What I have learnt from dogs and cats
Motivation
To specialize further in image classification I decided to try a classic challenge in this area: the Kaggle competition Dogs vs Cats. By taking part in the challenge we can easily use their data set (25k labeled images) and 12.5k unlabeled test images. Each sample from the data set is a varied-sized RGB image containing either a dog or a cat and our task is to decide to which class the sample belongs. We can also compare our results to other users and have some indicatives of where our model could improve.
In particular, in this post I would like to address the following topics: transfer learning, the effects of the input image size and regularization on the model performance.
Transfer learning approach
Transfer learning is the technique of using previously trained models for a specific purpose on a different problem. This can be done by tuning the model parameters on the new problem data set. It is advantageous because the trained model might have valuable feature-extraction capabilities that can be useful if the application domain of the two problems are similar (i.e., object classification). So instead of training the whole model from scratch we just fine-tune the few last layers (responsible for the classification) to the new problem data set.
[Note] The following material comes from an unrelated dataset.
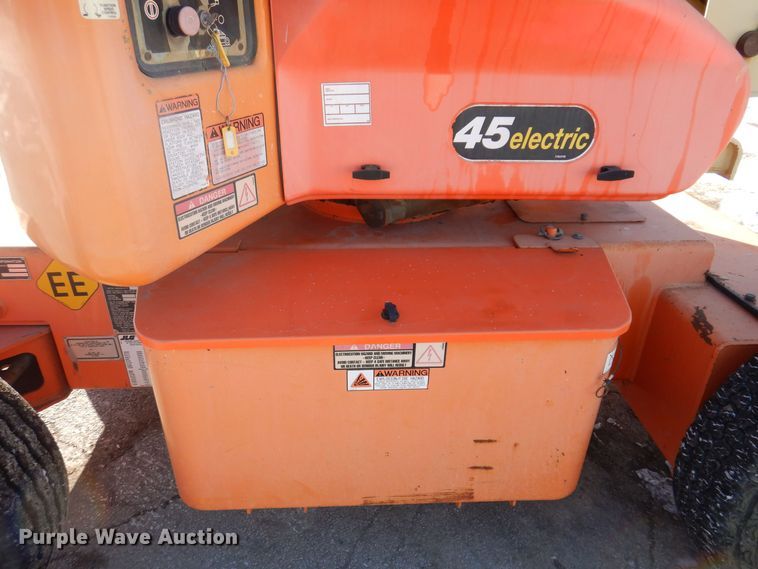image for item IO9349 1995 JLG 45 Electric  boom lift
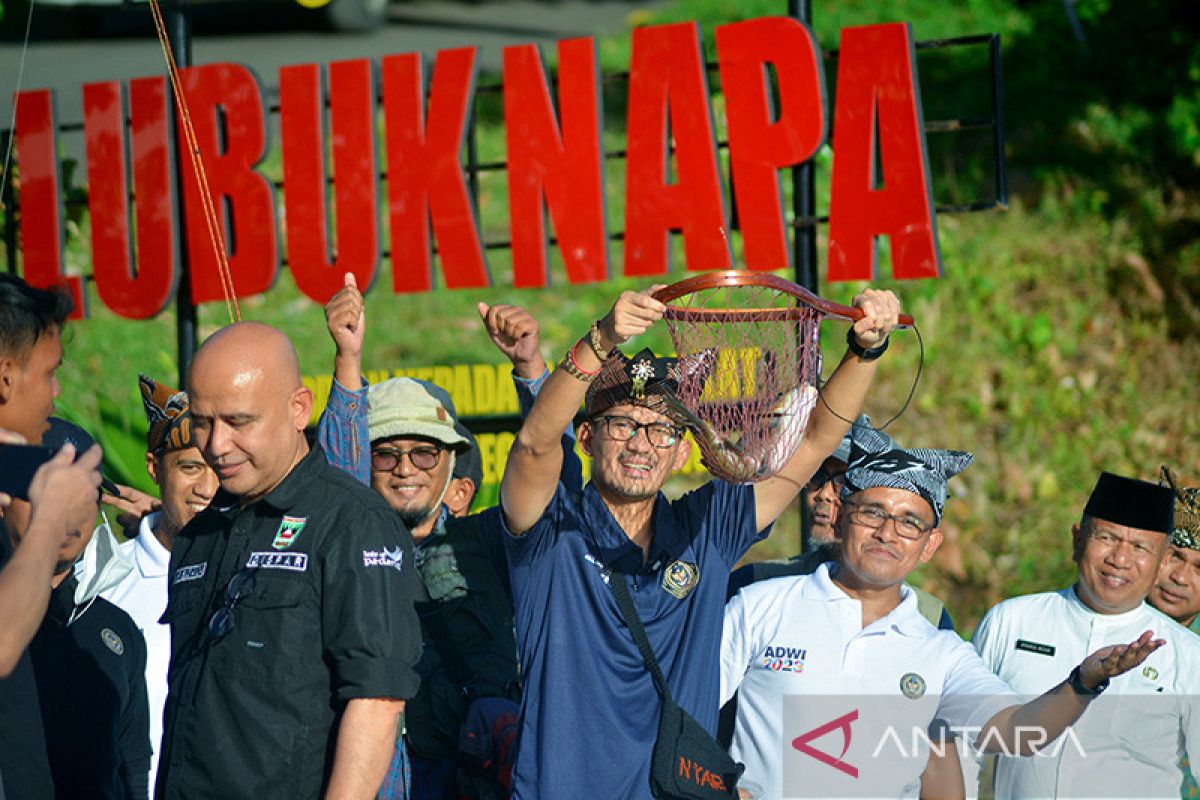 Sandiaga harap Sumbar bisa jadi contoh pengembangan desa wisata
Before designing my own architecture I considered fine-tuning good performing models on hard challenges such as the ImageNet Large Scale Visual Recognition Challenge (ILSVRC). One of these models is the winner of the ILSVRC 2014 Classification+localization challenge, VGG-16 model, organized in 5 convolutional blocks and a dense block. The convolutional blocks group 2-3 convolutional layers in sequence with a max-pooling layer to reduce dimensionality. In total there are 13 convolutional layers and 3 dense layers. The original challenge data set had 1000 classes so the output layer has 1000 output units.
Since we are only dealing with two classes we must adapt the architecture by replacing the three dense layers with a single dense layer containing two softmax activation units. It is reasonable to replace the three layers with a single one because the model has enough complexity, so the features at this point (~ 25k of them) are already high level ones, which can easily determine the image class without further layers.
To fine tune the model parameters to dogs-vs-cats classification we assume the 13 conv-layers provide good enough features, so we freeze their parameters and allow only the last layer parameters to be updated. This model has a large number of parameters: the 13 conv-layers provide 14,714,688 parameters while the final dense layer has 50,178 parameters. Clearly it is much simpler to fit just these final layer parameters instead of the whole network, which allows us to use our modest data set on this structure.
The original model image input size was 224 x 224, and although this changes the dimension of the following convolutional layers, their filter sizes are kept the same, so we can still use the weights from the original model, except for the final dense layers, where the weights depend upon the number of units in each layer. Since we replaced the final dense layers we could have chosen any given input size. To keep the original design we kept the standard input dimension. Another consideration is that the pre-processing should be the same assumed by the VGG model, that is, the pixel intensities are not normalized and are kept in the original range $[0,255]$.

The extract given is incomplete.